## Work instruction
Repeat each record word for word. Leave nothing out.

======

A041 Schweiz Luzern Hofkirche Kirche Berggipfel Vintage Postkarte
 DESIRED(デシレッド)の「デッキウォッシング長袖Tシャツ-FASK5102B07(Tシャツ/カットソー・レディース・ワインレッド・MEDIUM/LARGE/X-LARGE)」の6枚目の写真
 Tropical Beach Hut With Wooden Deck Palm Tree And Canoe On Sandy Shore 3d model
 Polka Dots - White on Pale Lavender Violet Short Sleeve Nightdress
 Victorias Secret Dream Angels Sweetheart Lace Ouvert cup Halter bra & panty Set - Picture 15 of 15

======

## Exercise result
A041 Schweiz Luzern Hofkirche Kirche Berggipfel Vintage Postkarte
 DESIRED(デシレッド)の「デッキウォッシング長袖Tシャツ-FASK5102B07(Tシャツ/カットソー・レディース・ワインレッド・MEDIUM/LARGE/X-LARGE)」の6枚目の写真
 Tropical Beach Hut With Wooden Deck Palm Tree And Canoe On Sandy Shore 3d model
 Polka Dots - White on Pale Lavender Violet Short Sleeve Nightdress
 Victorias Secret Dream Angels Sweetheart Lace Ouvert cup Halter bra & panty Set - Picture 15 of 15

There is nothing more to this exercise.